An attempt by PC developer Digital Homicide to sue games critic Jim Sterling has been thrown out of court.
The studio had tried to sue Sterling, whose real name is James Stanton, for $10m after his scathing assessment of Steam release Slaughtering Grounds. All manner of accusations were thrown Sterling's way, including that he was guilty of libel, slander and even assault, as well as collusion with Valve.
Digital Homicide even went as far as to try and sue 100 Steam users who had left negative reviews for the game – a move that saw the studio dropped from the PC platform entirely.
That [the case] got as far as it did, went on for as long as it did, is atrocious – especially when this is a case that amounts to a game developer wanting to silence a game critic,” Sterling said.
I personally viewed, and still view, the lawsuit as an attempted attack on my freedom to do my legally protected job.
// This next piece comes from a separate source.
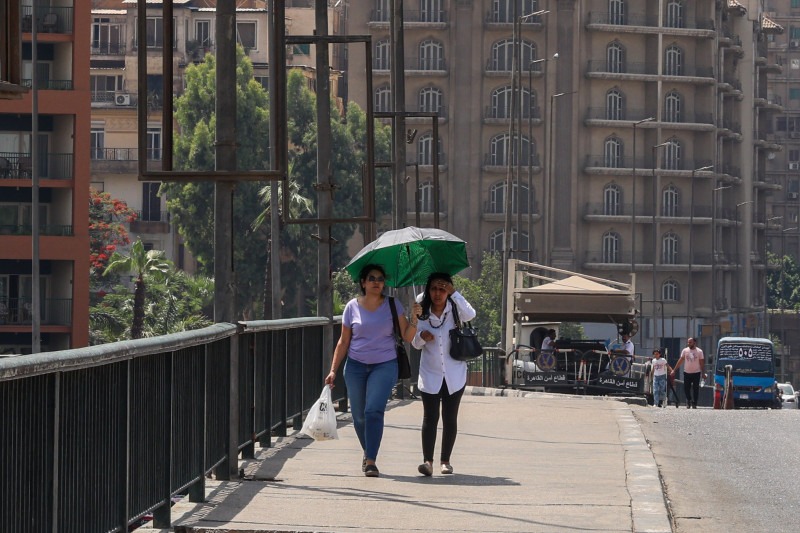 سيدتان تسيران تحت مظلة تحميهما من الطقس الحار في وسط القاهرة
I personally perceive it as an attack launched by a man who is unable to deal with criticism in a reasonable fashion and has sought to blame me, continuously, for his failures.
There is no conspiracy. There is no orchestrated terror campaign. There is simply what there has always been – one random critic in a sea of them having a stupid fight with a pair of brothers who don't make a lot of sense and whose claims have a strained relationship with reality.
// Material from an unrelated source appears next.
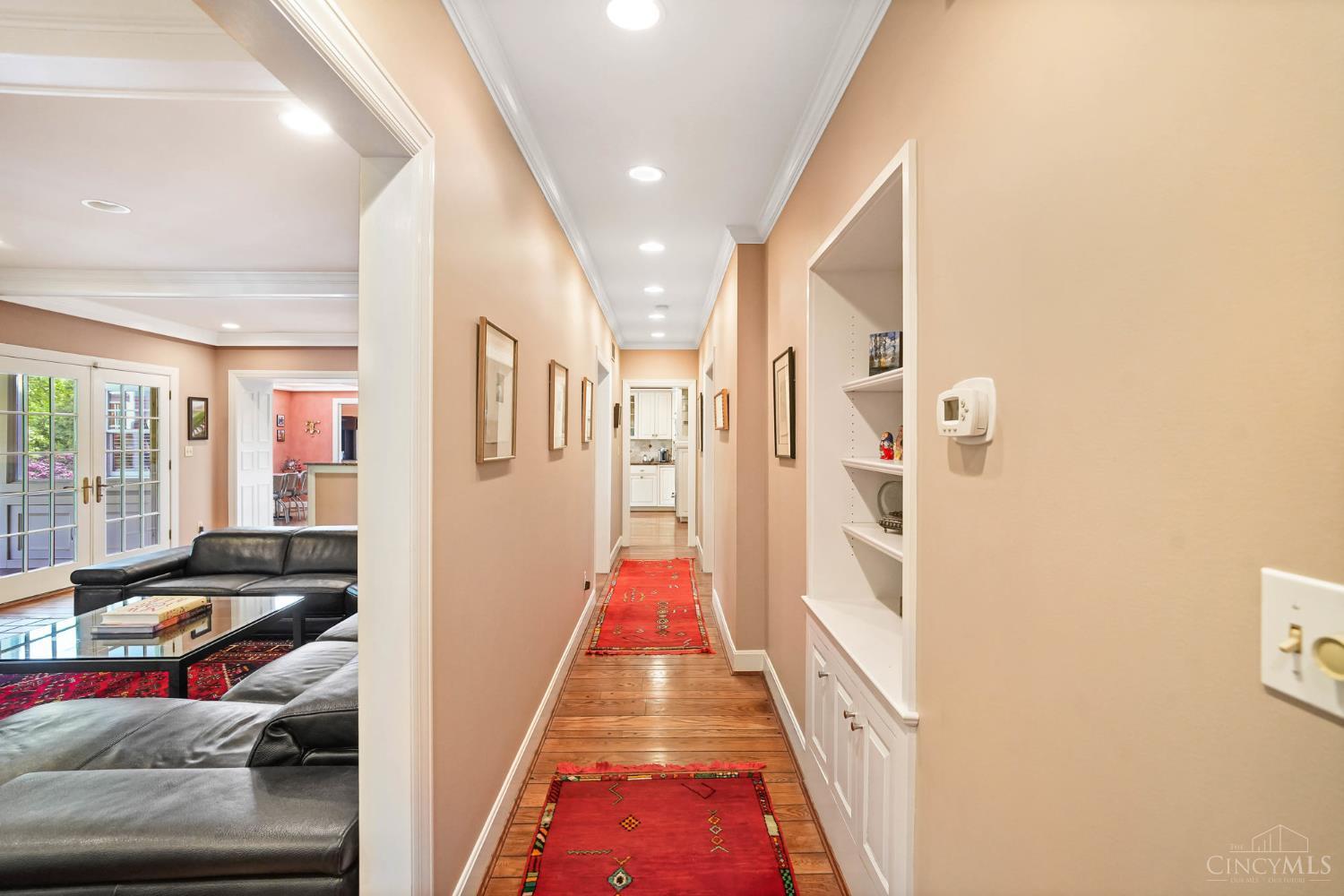 2780 Walsh Road Cincinnati, OH 45208 - Photo 20 of 68 This central hallway elegantly connects the main living spaces, creating effortless flow throughout the first floor. Lined with rich hardwood floors, crown molding and recessed lighting, this inviting corridor offers both function and charm, with built-in shelving adding warmth and character at every turn.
Many will have come here expecting humor or laughter, but I want to make it quite clear that I do not find this lawsuit funny in the slightest. Even getting the result I wanted is bittersweet, as it's the result to a situation that should never have occurred – a distasteful situation that fills me with surrogate embarrassment for the man who filed it.
I find this lawsuit disgusting. It was and it is and it shall forever be disgusting.
P.S. I did not enjoy playing The Slaughtering Grounds very much.”